Content starts
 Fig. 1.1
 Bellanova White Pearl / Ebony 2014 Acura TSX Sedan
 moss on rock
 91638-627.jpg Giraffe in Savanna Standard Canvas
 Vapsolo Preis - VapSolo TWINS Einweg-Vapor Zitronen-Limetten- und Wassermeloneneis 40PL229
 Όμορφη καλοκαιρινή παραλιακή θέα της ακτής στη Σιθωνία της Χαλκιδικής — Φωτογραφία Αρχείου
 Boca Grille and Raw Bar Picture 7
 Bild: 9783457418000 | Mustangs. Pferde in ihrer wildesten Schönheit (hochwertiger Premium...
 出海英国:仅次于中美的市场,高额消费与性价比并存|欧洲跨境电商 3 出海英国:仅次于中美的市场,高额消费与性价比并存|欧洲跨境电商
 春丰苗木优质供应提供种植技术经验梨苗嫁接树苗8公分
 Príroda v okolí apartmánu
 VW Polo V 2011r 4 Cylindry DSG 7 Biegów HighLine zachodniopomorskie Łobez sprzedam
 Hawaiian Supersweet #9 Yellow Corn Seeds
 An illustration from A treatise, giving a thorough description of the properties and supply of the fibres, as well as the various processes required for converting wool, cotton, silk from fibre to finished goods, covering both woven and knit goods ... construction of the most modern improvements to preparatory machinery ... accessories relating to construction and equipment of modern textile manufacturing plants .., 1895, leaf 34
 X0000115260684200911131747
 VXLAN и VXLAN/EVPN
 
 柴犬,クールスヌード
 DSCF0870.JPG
Content ends
◆ About this task:
A complete and exact transcription of the material is required.

◆ Solution to the exercise:
 Fig. 1.1
 Bellanova White Pearl / Ebony 2014 Acura TSX Sedan
 moss on rock
 91638-627.jpg Giraffe in Savanna Standard Canvas
 Vapsolo Preis - VapSolo TWINS Einweg-Vapor Zitronen-Limetten- und Wassermeloneneis 40PL229
 Όμορφη καλοκαιρινή παραλιακή θέα της ακτής στη Σιθωνία της Χαλκιδικής — Φωτογραφία Αρχείου
 Boca Grille and Raw Bar Picture 7
 Bild: 9783457418000 | Mustangs. Pferde in ihrer wildesten Schönheit (hochwertiger Premium...
 出海英国:仅次于中美的市场,高额消费与性价比并存|欧洲跨境电商 3 出海英国:仅次于中美的市场,高额消费与性价比并存|欧洲跨境电商
 春丰苗木优质供应提供种植技术经验梨苗嫁接树苗8公分
 Príroda v okolí apartmánu
 VW Polo V 2011r 4 Cylindry DSG 7 Biegów HighLine zachodniopomorskie Łobez sprzedam
 Hawaiian Supersweet #9 Yellow Corn Seeds
 An illustration from A treatise, giving a thorough description of the properties and supply of the fibres, as well as the various processes required for converting wool, cotton, silk from fibre to finished goods, covering both woven and knit goods ... construction of the most modern improvements to preparatory machinery ... accessories relating to construction and equipment of modern textile manufacturing plants .., 1895, leaf 34
 X0000115260684200911131747
 VXLAN и VXLAN/EVPN
 
 柴犬,クールスヌード
 DSCF0870.JPG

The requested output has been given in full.